Śmiertelny pożar przy ul. Wierzbowej w Sieradzu
W minioną środę rano przy ulicy Wierzbowej w Sieradzu doszło do pożaru auta, od którego zapaliła się stodoła oraz garaż. W wyniku pożaru zginął 63-letni mężczyzna. Śledztwo w tej sprawie prowadzi prokuratura. Przyczyna zdarzenia wciąż jest sprawdzana.
Na miejscu pożaru był nasz reporter Bartek Perski. Posłuchaj jego relacji:
Strażacy otrzymali zgłoszenie o tym zdarzeniu około godz. 8:15.
- Były to właściwie dwa zgłoszenia, które dotyczyły dwóch posesji przy ulicy Wierzbowej. Po dojechaniu naszych zastępów na miejsce okazało się, że na terenie jednej z nich płonie samochód osobowy. I od tego samochodu zapaliła się pobliska drewniana stodoła oraz garaż. W pobliżu znaleźliśmy też mężczyznę, którego zgon stwierdził zespół ratownictwa medycznego. 63-latek był mieszkańcem tej posesji - mówi bryg. Sławomir Osiewała z Państwowej Straży Pożarnej w Sieradzu, który dowodził działaniami ratowniczo-gaśniczymi przy Wierzbowej.

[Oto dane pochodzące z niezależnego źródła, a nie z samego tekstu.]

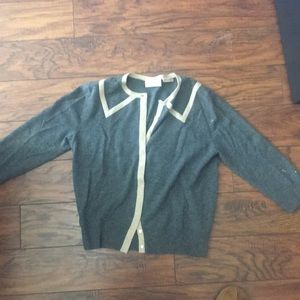 Neiman Marcus 💯 cashmere cardigan M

Na miejscu zdarzenia pracowało 9 zastępów straży pożarnej z terenu powiatu sieradzkiego. Przyczyny zdarzenia, jak i wysokość strat materialnych będą teraz ustalane przez sieradzką policję pod nadzorem prokuratury.
Jak poinformowała dziś prokurator Jolanta Szkilnik z Prokuratury Okręgowej w Sieradzu nie wiadomo jeszcze co było przyczyną pożaru auta, garażu i stodoły. Biegły wykluczył na razie zwarcie w instalacji elektrycznej.
Śledczy będą teraz analizowali czy w tym zdarzeniu można mówić o udziale osób trzecich. Póki co takich przesłanek nie ma.